Guggenheim Funds Distributors has launched the Guggenheim BulletShares High Yield Corporate Bond ETFs, a suite of ETFs with designated years of maturity ranging from 2012 through 2015 that invest in high-yield corporate bonds with effective maturities in the years respective to each Fund.
“The introduction of these new funds extends our suite of BulletShares ETFs, the only ETFs available in the marketplace offering defined-maturity exposure to the corporate bond market,” says Steven A Baffico, senior managing director, Head of U.S. Retail for Guggenheim Funds Distributors, Inc. “Now, investors can easily gain exposure with surgical precision to either the high-yield or investment-grade sector of the market through the construction of customised portfolios tailored to their specific risk preferences and maturity profiles.
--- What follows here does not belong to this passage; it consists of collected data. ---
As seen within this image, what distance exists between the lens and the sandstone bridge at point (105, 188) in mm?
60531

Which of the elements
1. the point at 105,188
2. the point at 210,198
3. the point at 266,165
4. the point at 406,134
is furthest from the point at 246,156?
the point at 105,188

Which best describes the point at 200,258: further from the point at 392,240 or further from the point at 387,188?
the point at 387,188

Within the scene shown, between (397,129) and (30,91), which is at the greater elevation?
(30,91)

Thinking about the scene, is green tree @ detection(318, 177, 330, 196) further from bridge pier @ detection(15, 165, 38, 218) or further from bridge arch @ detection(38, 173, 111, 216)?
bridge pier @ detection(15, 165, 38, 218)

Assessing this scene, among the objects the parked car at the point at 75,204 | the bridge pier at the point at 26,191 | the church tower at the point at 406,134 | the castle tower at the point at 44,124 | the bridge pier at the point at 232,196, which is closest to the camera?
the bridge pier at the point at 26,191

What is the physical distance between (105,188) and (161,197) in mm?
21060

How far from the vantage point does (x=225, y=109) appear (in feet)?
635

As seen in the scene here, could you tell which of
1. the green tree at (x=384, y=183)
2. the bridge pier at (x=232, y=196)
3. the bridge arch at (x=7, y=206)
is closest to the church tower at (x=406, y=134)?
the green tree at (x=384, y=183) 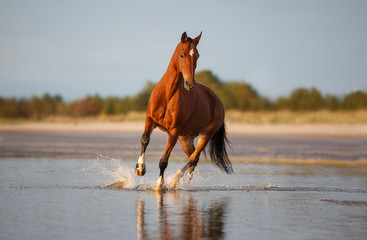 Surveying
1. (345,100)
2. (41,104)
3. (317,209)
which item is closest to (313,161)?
(317,209)

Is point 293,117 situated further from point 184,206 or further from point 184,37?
point 184,206

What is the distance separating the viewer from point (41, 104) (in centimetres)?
4681

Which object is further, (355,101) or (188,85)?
(355,101)

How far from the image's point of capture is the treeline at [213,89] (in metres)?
36.9

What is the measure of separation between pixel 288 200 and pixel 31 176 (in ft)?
Result: 15.9

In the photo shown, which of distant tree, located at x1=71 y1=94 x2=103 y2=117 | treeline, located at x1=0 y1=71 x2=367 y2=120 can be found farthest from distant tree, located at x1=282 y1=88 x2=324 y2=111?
distant tree, located at x1=71 y1=94 x2=103 y2=117

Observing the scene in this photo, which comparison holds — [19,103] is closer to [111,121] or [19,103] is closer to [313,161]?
[111,121]

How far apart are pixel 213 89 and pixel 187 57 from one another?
3795cm

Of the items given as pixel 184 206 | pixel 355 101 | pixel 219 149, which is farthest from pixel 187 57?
pixel 355 101

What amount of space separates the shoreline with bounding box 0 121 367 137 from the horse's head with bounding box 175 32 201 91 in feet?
71.5

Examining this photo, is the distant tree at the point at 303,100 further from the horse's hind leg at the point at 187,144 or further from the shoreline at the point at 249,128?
the horse's hind leg at the point at 187,144

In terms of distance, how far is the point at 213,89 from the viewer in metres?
46.6

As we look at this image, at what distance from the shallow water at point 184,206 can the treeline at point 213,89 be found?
84.4ft

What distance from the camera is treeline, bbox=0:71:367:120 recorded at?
3688 cm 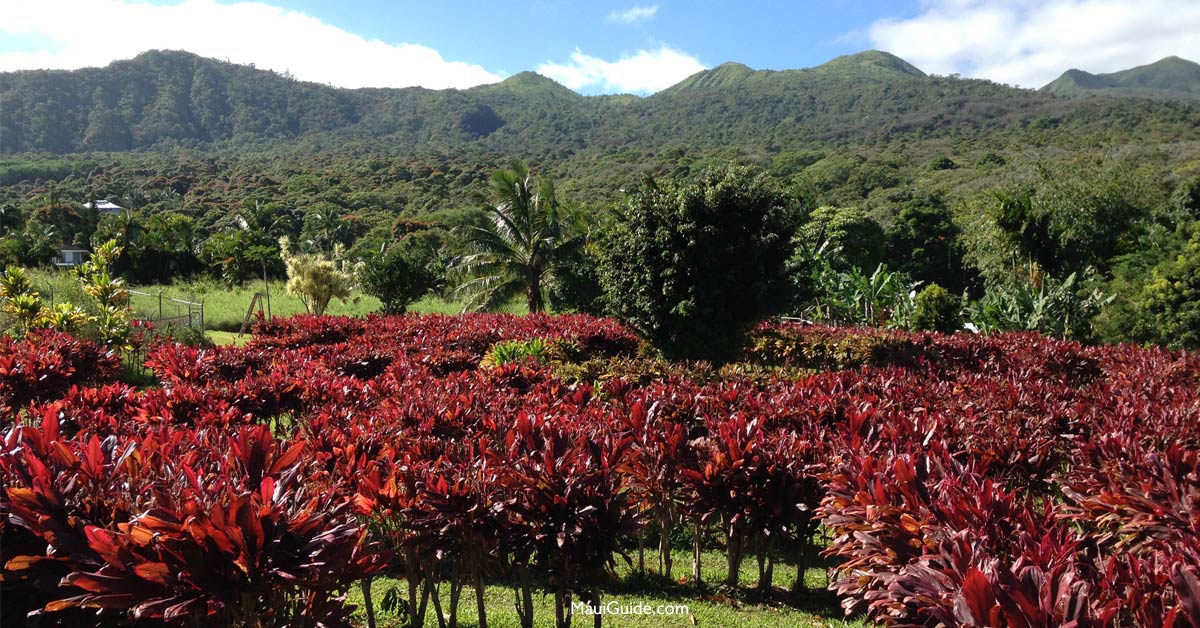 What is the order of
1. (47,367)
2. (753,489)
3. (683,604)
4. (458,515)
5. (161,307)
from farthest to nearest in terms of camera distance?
(161,307), (47,367), (683,604), (753,489), (458,515)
Guggenheim BulletShares ETFs have an investment and cash-flow profile similar to individual bonds with the diversification and cost benefits inherent in an ETF. We believe this makes them an attractive alternative to bonds and we are pleased to be able provide fixed-income investors with these new investment solutions.”
The four new ETFs, which seek to replicate the performance of BulletShares USD High Yield Corporate Bond Indices developed by Accretive Asset Management LLC, provide investors with a convenient way to invest in the high-yield corporate bond market. The funds also enable advisors to build laddered portfolios in a cost-effective and diversified manner, fill gaps in existing bond portfolios, and address investors’ lifestyle needs by providing the potential for monthly income distributions and a final distribution at the ETF’s maturity that can be applied towards retirement, college or other expenses.
“We are excited to partner with Guggenheim Funds to extend the BulletShares methodology to the high-yield bond ETF market," says Matthew Patterson, head of investment strategy for Accretive Asset Management. “We believe that these products will make the high-yield sector more accessible to investors while minimizing concentration risk often associated with individual bond investing.”